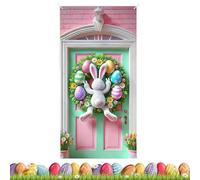 Décorations De Pâques - Couverture De Porte Lapin | Bannière Suspendue En Polyester 35,4 X 70,8 Pouces, Décor De Fête De Printemps Pour La Maison, Le Bureau, L'école, Le Jardin, L'intérieur Et L'extér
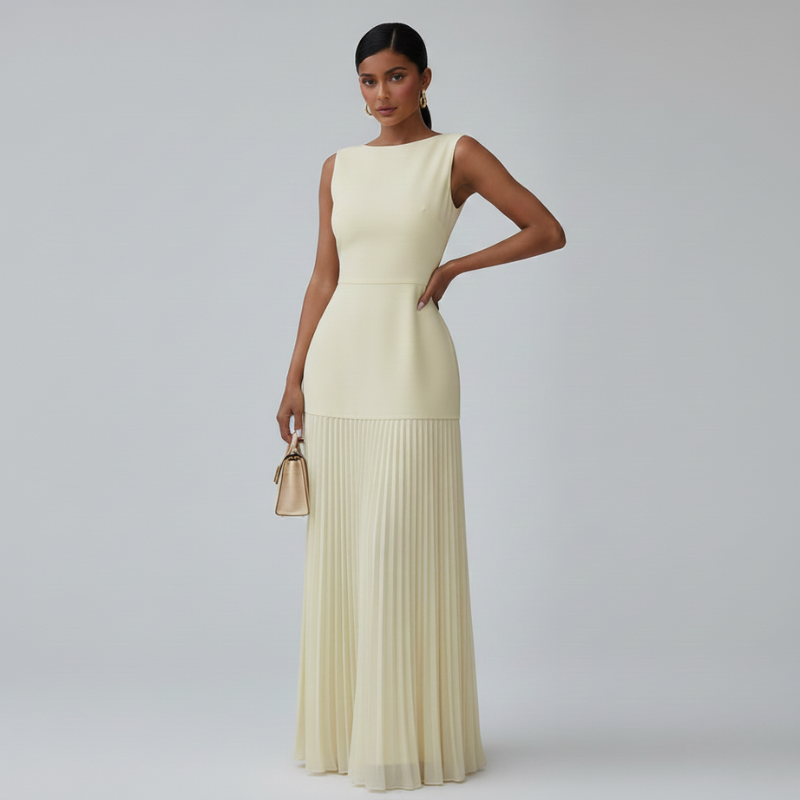 Clara | Ärmelloses Plissiertes Maxikleid für Damen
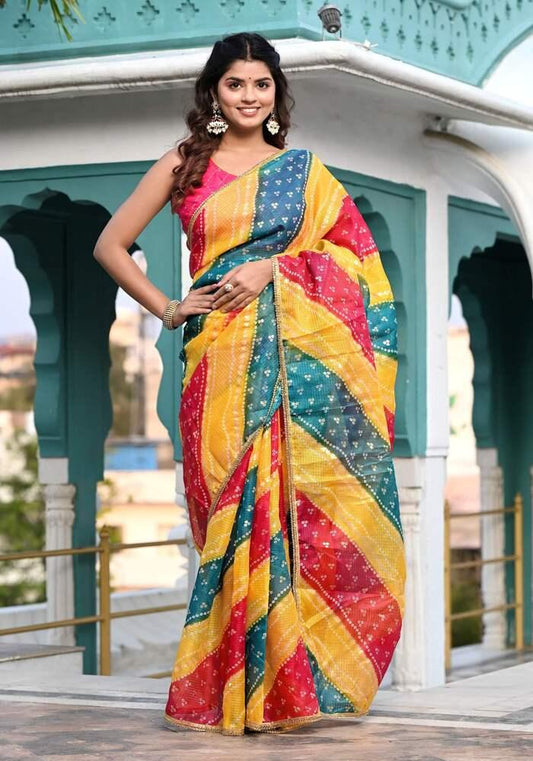 Multicolored Foil Printed Saree 104-MUL
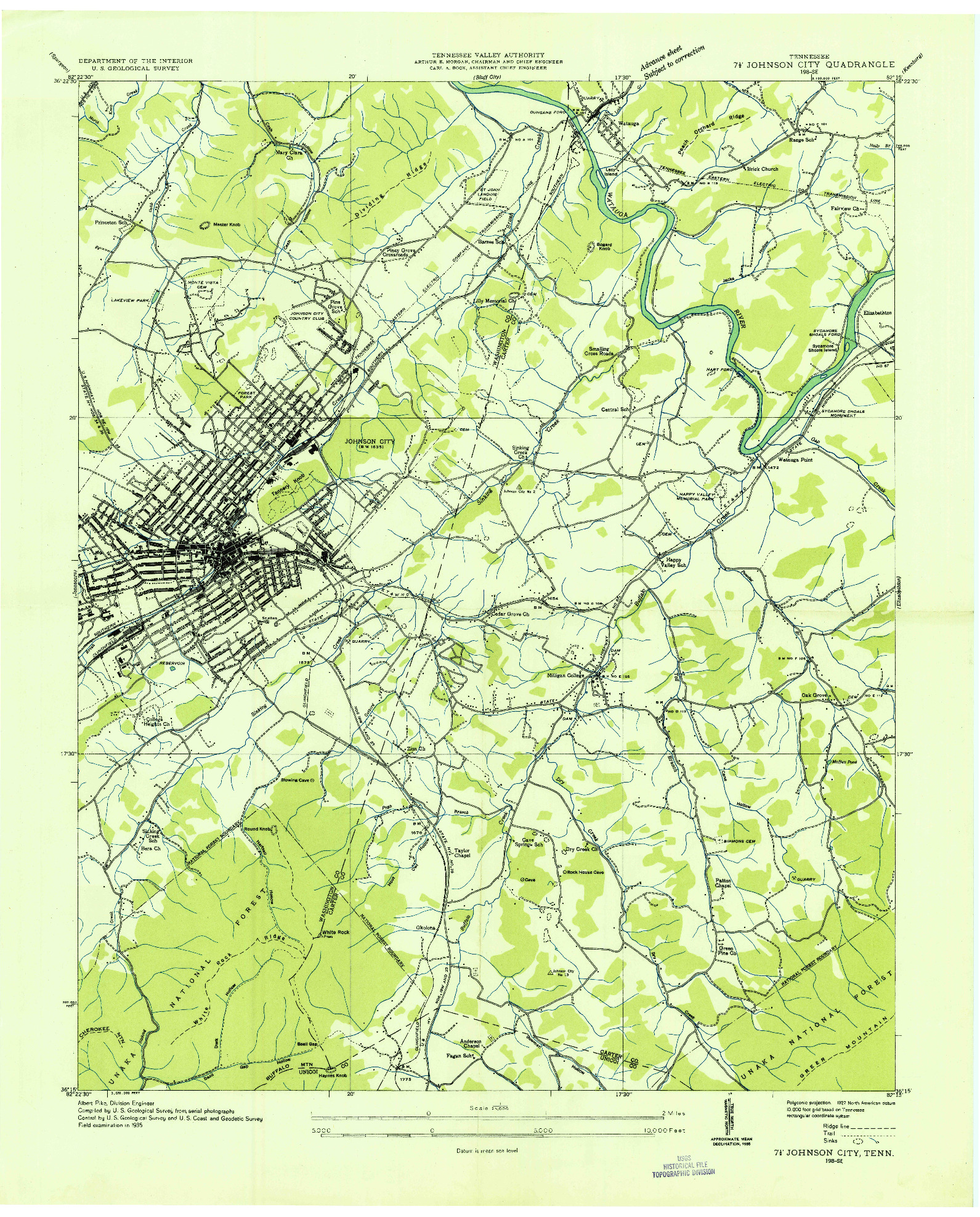 USGS 1:24000-SCALE QUADRANGLE FOR JOHNSON CITY, TN 1935
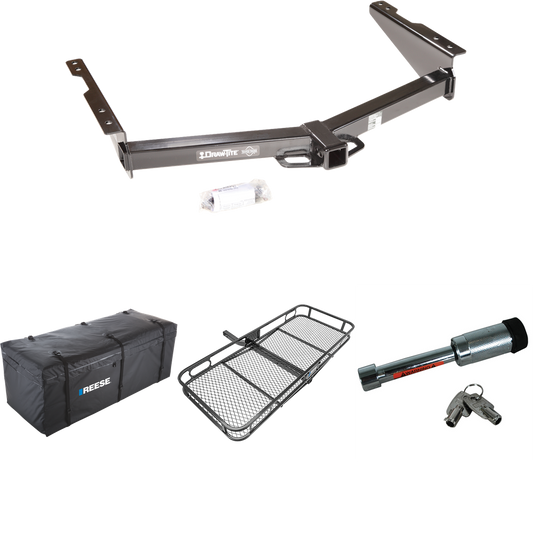 Fits 2012-2021 Nissan NV3500 Trailer Hitch Tow PKG w/ 60" x 24" Cargo Carrier + Cargo Bag + Hitch Lock By Draw-Tite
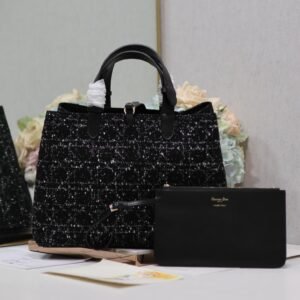 TOUJOURS BAG 37 IN BLACK MIX WHITE CANNAGE TWEED WITH GOLD HARDWARE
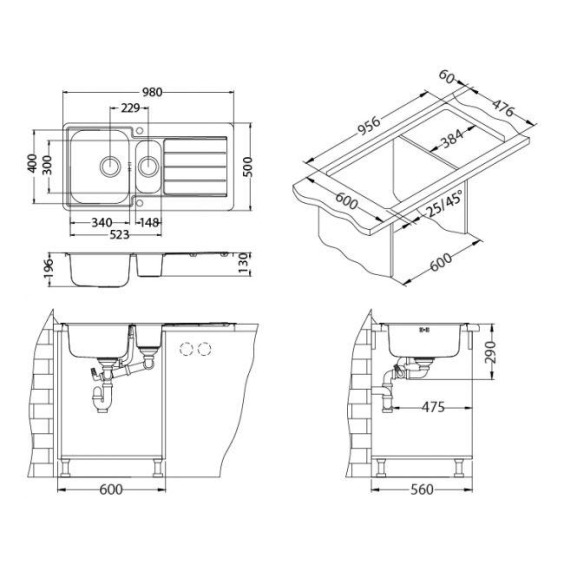 Alveus Line Maxim 10-SAT 980X500 1+1/2 кухонная мойка #2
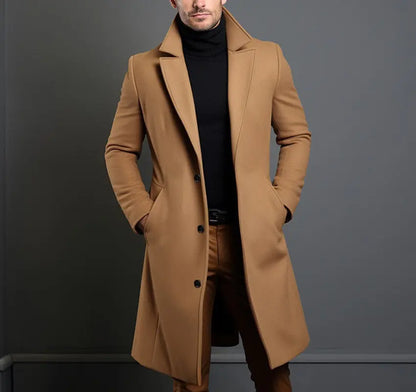 Woollen Men's Mid-length Trench Jacket CJWY1912078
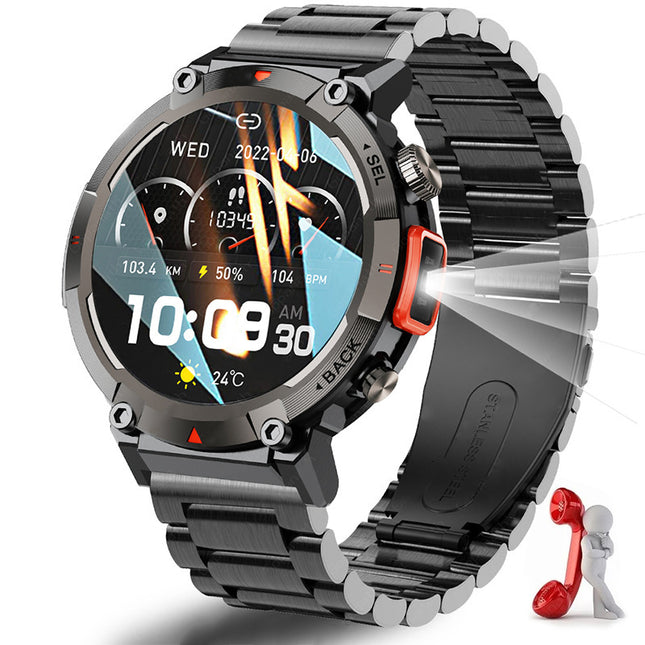 Black Steel Belts Outdoor Smartwatch with 1.45-Inch HD Round Screen and Flashlight – product detail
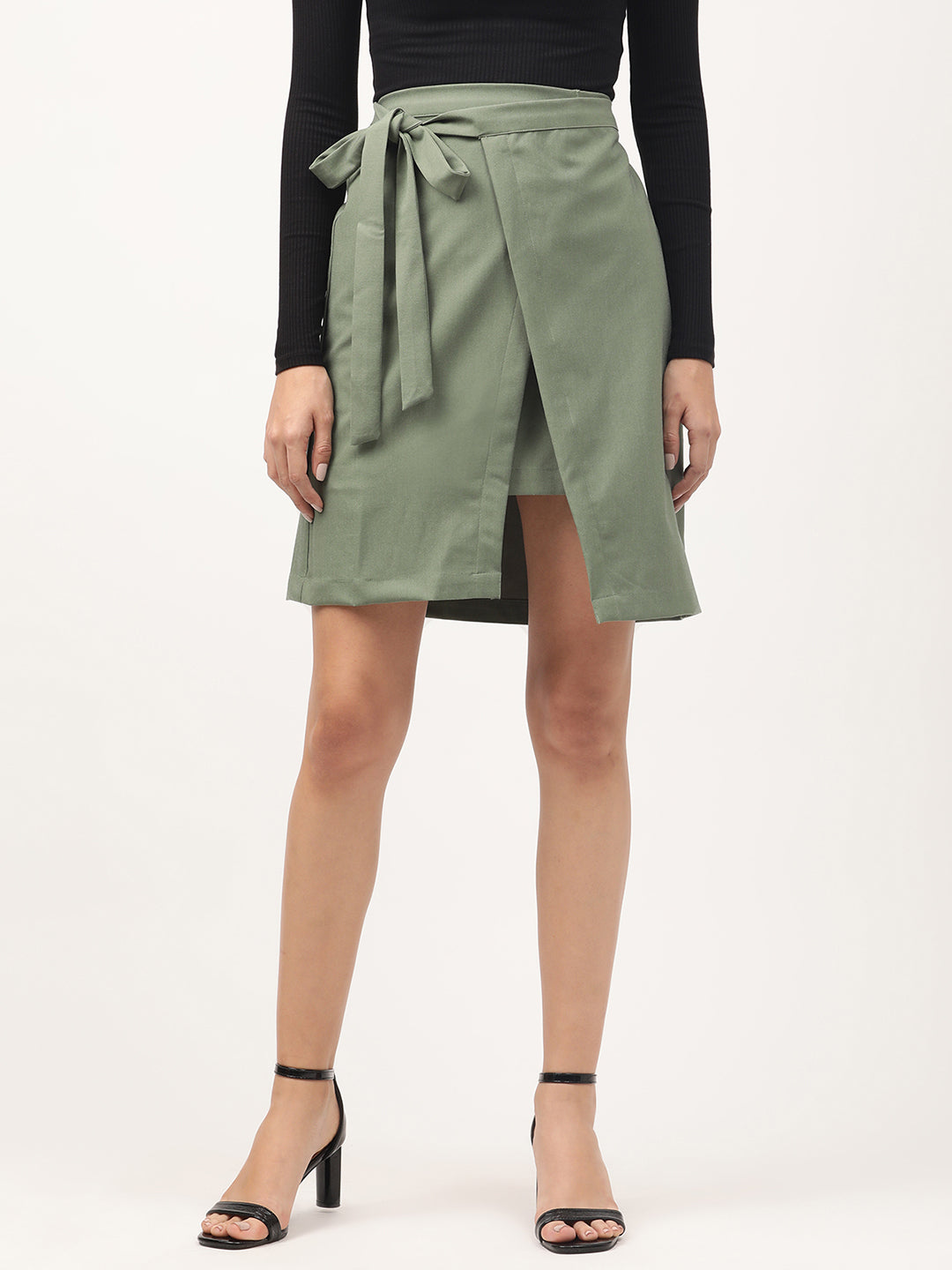 Centre Stage Women Green Solid Straight Fit Skirt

• **Exercise goal**: Word for word, reproduce each line from the one with "TOUJOURS BAG 37" through the last line of the material above, both included, and drop the pictures.

• **Result**:
 TOUJOURS BAG 37 IN BLACK MIX WHITE CANNAGE TWEED WITH GOLD HARDWARE
 Alveus Line Maxim 10-SAT 980X500 1+1/2 кухонная мойка #2
 Woollen Men's Mid-length Trench Jacket CJWY1912078
 Black Steel Belts Outdoor Smartwatch with 1.45-Inch HD Round Screen and Flashlight – product detail
 Centre Stage Women Green Solid Straight Fit Skirt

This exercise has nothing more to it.